I’ve always wondered, how do they do it? How do the partners take all of this in – the adulation, fans throwing themselves at the cricketer, always playing second fiddle to the sport her man fell in love with first?

The proximity to the sport also means she is acutely aware of who her partner’s best friends are. I remember watching a match with one of the fiancées. It was a tense game and her partner was batting. His teammate from the national side was the captain of the opposite team. He struck the ball and the skipper was running across to cut it off. She excitedly touched my arm and whispered, “He will not throw to my man’s end because he knows he is struggling with the hamstring and doesn’t want to injure him by pushing him to make a dive.” And that is exactly what happened – the ball was thrown over to the other end where the batsman was comfortably home.

There are wives who might not know the game very well, but know their husbands best. I remember this time, when I was seated next to the wife of a very popular foreign player. He was suffering from a very bad back, yet had taken painkillers to play for his team. There was an instance when a ball was struck toward him and she immediately whispered to me that he wouldn’t dive to stop that one. And he did not. When the ball was struck high in the air, she excitedly told me he’d go for it. He did, taking an astounding catch on the ropes.

At the other end of this spectrum are the women anchors and producers: The sport doesn’t form the heart of the matter for them as much as the head of it.

There is always that constant, nagging reiteration that you are, after all, a woman involved in a sport that is largely dominated by men.

Our careers are driven by cricket, and the level of trust and comfort we can achieve with the player. If the cricketer bares his heart to his partner off the field, he bares his mind to some of us producers – but trusts only a few. It’s tough work, especially when you are new on the scene, and have to abide by the unspoken rules of the professional world. You have to deflect the low-key sexual harassment – the flirtatious advances, late-night calls in your hotel room, WhatsApp messages – to stay in the game.

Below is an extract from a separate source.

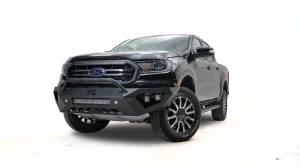 Fab Fours Bumpers & Off-Road Armor | 1350 Offroad - Fab Fours Vengeance Front Bumper, Black Powder Coat, Pre-Runner Guard - FR19-D4852-1 - Image 2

If a woman journalist survives all this, there is a chance that over time, a bond will develop between her and the cricketer, who ends up sharing a lot of his fears about the game, his skills, and his career with the producer. She is, in a sense, his confidante too.

It’s a delicate balance to maintain as with any form of reporting: Without the trust, no cricketer will open up to a journalist. But get too close, and it hampers your objectivity. When the tough questions come, some players fail to understand the difference between personal and professional relationships. We’ve seen it all: From being told not to ask certain questions, to players stopping an interview mid-way and re-doing it (after making sure that the offending clip is deleted).

And even then, no matter how hard she works, a woman journalist or producer isn’t done fighting stereotypes. There is always that constant, nagging reiteration that you are, after all, a woman involved in a sport that is largely dominated by men.

The workload remains just the same for us – a woman producer still needs to prep as hard as any male counterpart for the game a day prior. She spends hours shooting team practices and interviews, scripting, overseeing edits, building run orders for the shows, briefing her anchor and male colleagues in the Production Control Room who will be aiding her with graphics and visual inputs. Come match day, she’s on top of things, instructing every member in the PCR on what is next and guiding the anchor through the show flow.

And it’s never really good enough. There is a constant pressure to keep proving yourself. If I had a rupee for every time I’ve been called arrogant just for taking charge or pulling up a male colleague in the PCR over an error, I’d be a rich woman today. My male colleagues, on the other hand, are termed assertive for doing the exact same thing.

I suppose there is no other way for us except to keep doing a lot more to reaffirm our rightful place in this sport. I know it’s the same for those across the boundary lines too. Each of us women fighting a stereotype, working just as hard, to continue being a part of the gentleman’s game.